START Source data

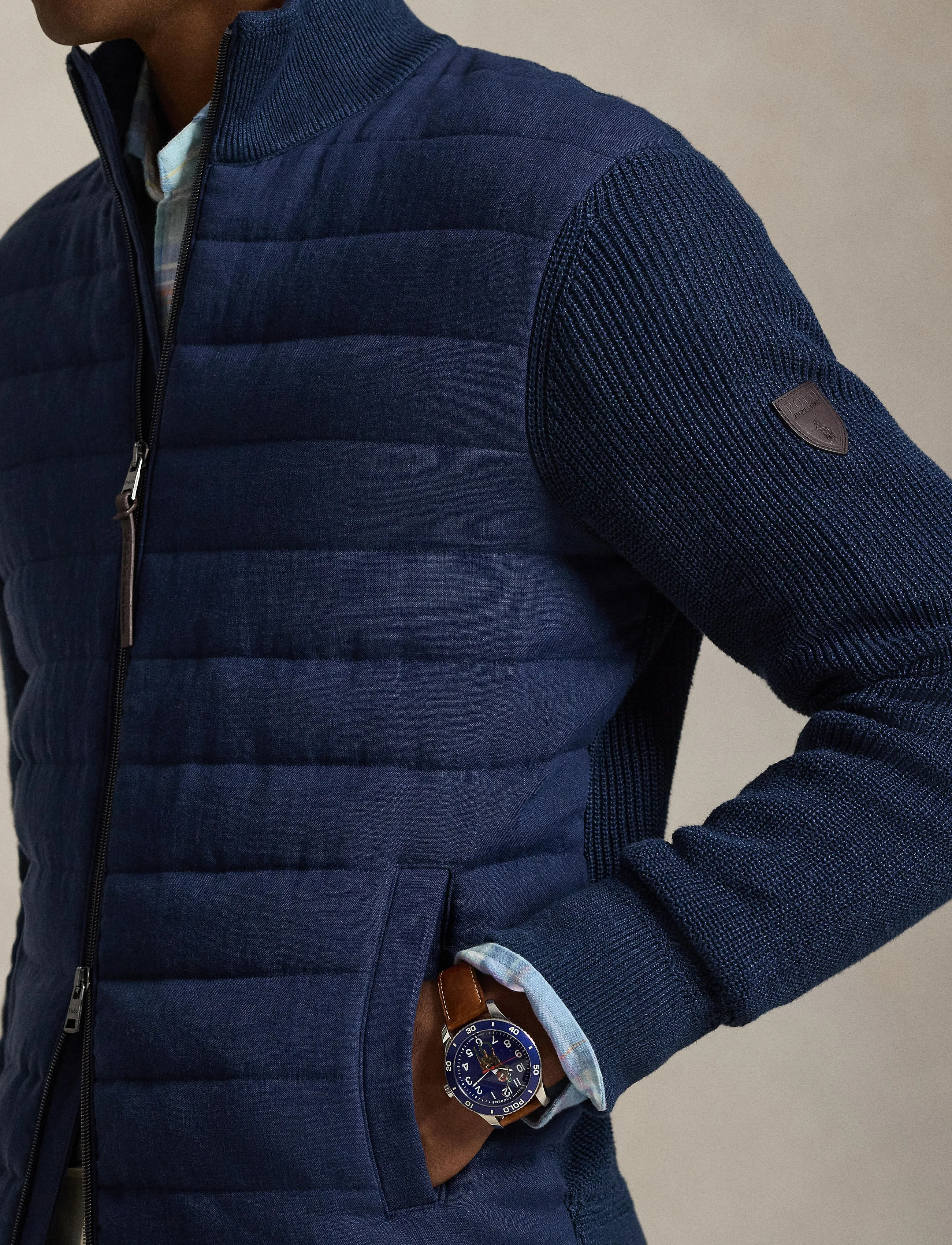 Hybrid Full-Zip Sweater 3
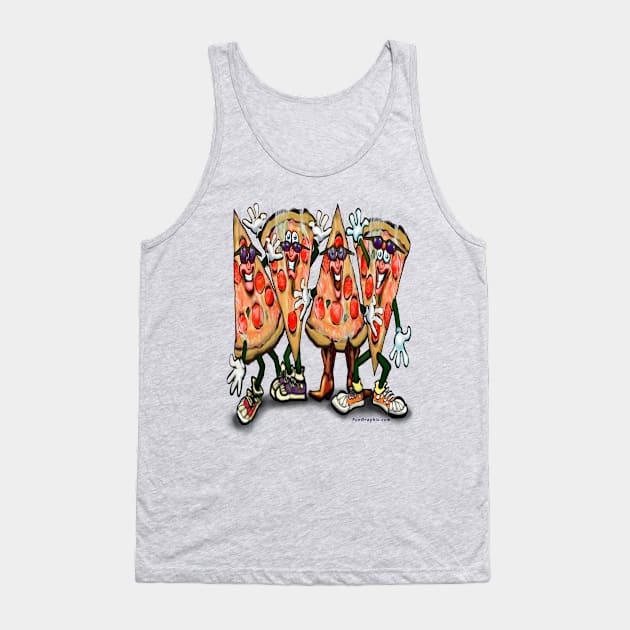 Pizza Party Tank Top by Kevin Middleton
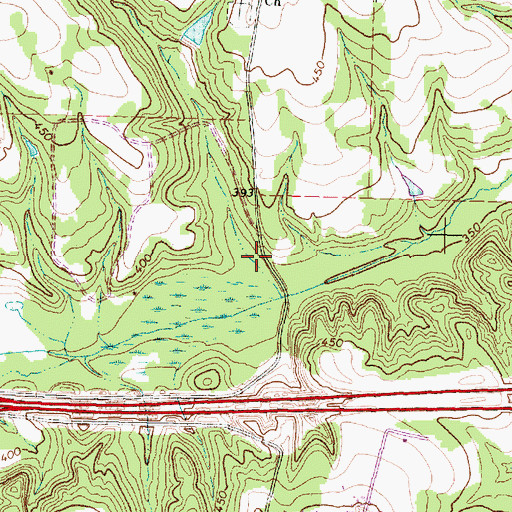Topographic Map of Harris Creek Baptist Church, TX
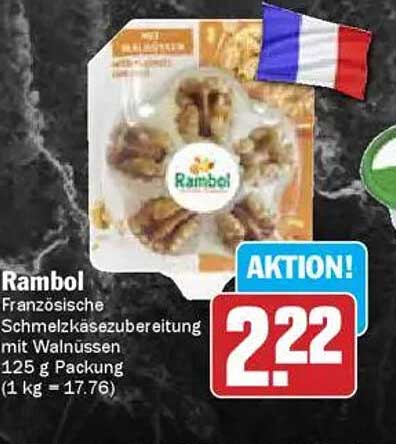 Rambol Französische Schmelzkäsezubereitung mit Walnüssen 125 g Packung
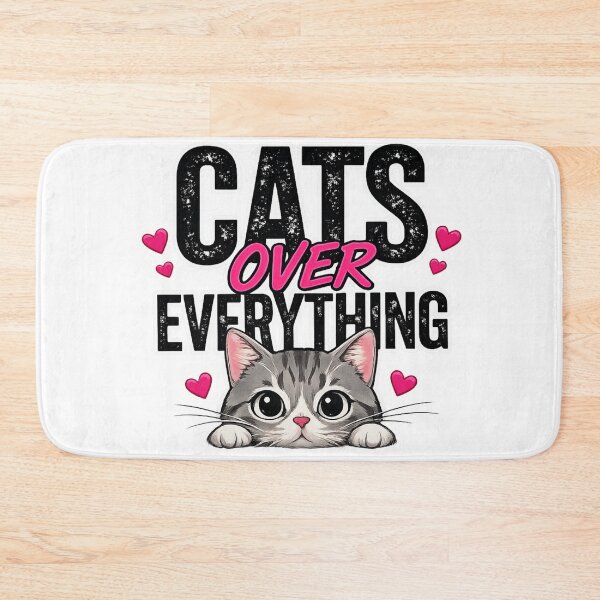 Item preview, Cats over everything - graphic kitty cat quotes designed and sold by SrumbleArt.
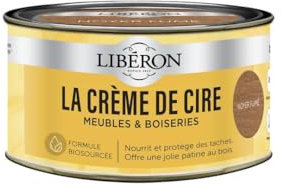 LIBERON La crème de cire pour bois, en pâte, Noyer fumé 250ml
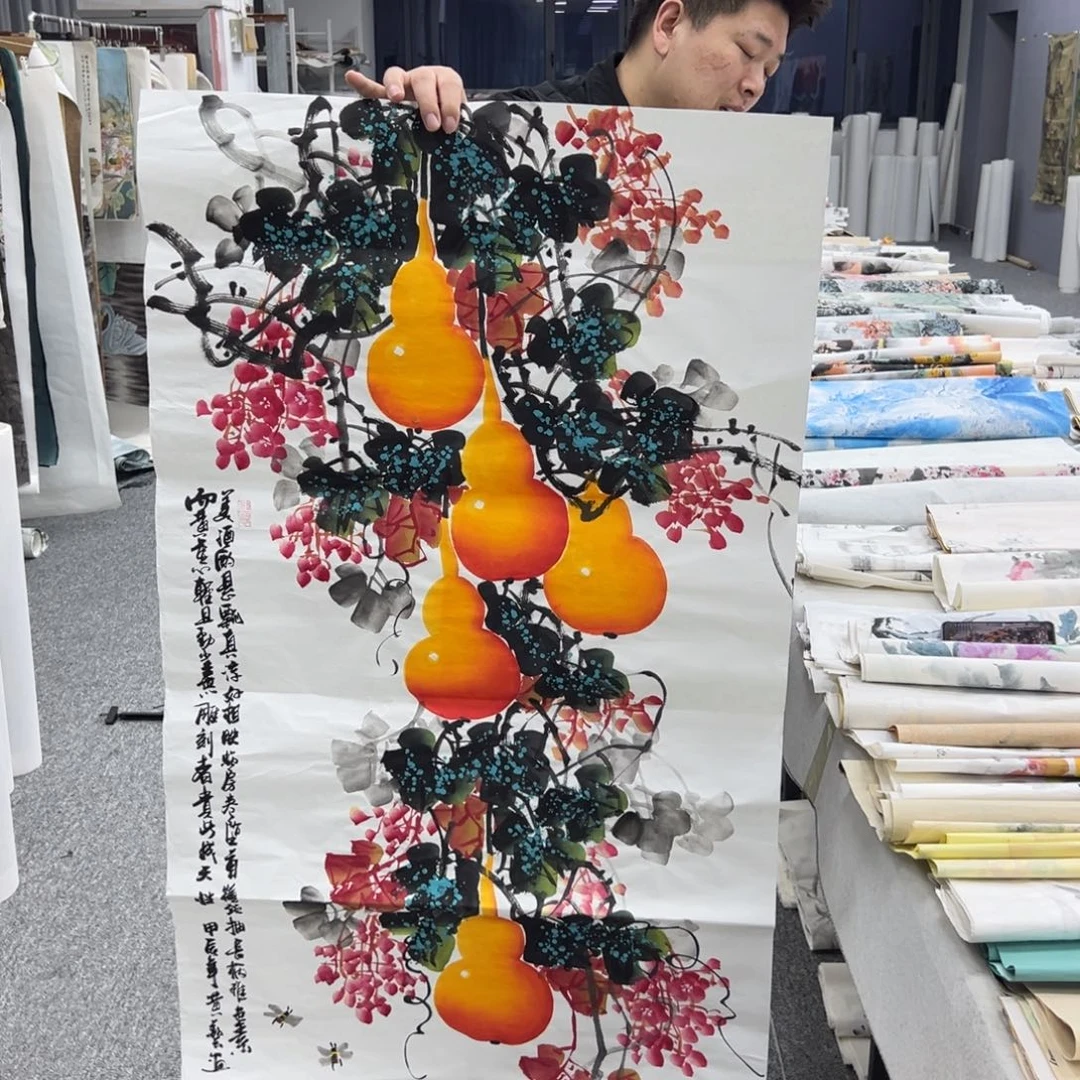 国画卖字画的小老板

END Source data

* [Exercise directions]:
With the pictures left out, give again exactly the lines from the one with "LIBERON La crème" through the end of the data, both included.

* [Output]:
 LIBERON La crème de cire pour bois, en pâte, Noyer fumé 250ml
 国画卖字画的小老板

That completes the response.